On a displacement-time (s-t) graph, velocity at any point equals the gradient (slope) of the graph at that point. A steep positive gradient means high positive velocity (moving fast in the positive direction). A horizontal line means zero velocity (stationary). A negative gradient means negative velocity (moving in the negative direction). The instantaneous velocity at a specific time is the gradient of the tangent to the curve at that point. Average velocity between two times is the gradient of the chord connecting those two points.

What are the units of velocity?

The SI unit of velocity is metres per second (m/s). Other common units: kilometres per hour (km/h; divide by 3.6 to convert to m/s), miles per hour (mph; multiply by 0.447 to convert to m/s), knots (1 knot = 1 nautical mile per hour = 0.514 m/s).
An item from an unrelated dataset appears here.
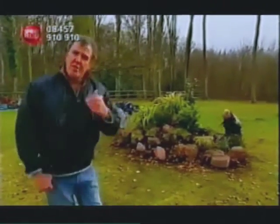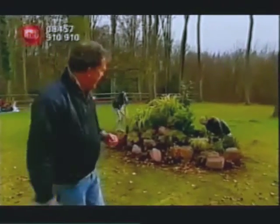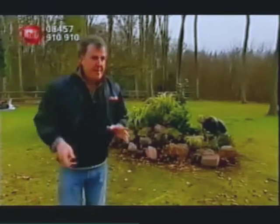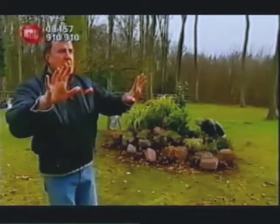Now, the traditional method for removing an unwanted rockery is a shovel... Excuse me, guys, guys, can we just hold the music, just for a second, can we hold the music?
Velocity has the same units as speed — the difference is that velocity also carries directional information (expressed as a sign in 1D problems, or as angle and magnitude in 2D problems).

What is instantaneous velocity?

Instantaneous velocity is the velocity of an object at a specific moment in time — the limit of displacement divided by time interval as the time interval approaches zero: v = lim(Δt→0) Δx/Δt = dx/dt. It is the derivative of displacement with respect to time. On a displacement-time graph, it equals the gradient of the tangent at that instant. A car's speedometer shows instantaneous speed (the magnitude of instantaneous velocity). Average velocity gives an overall picture; instantaneous velocity gives the precise state at each moment.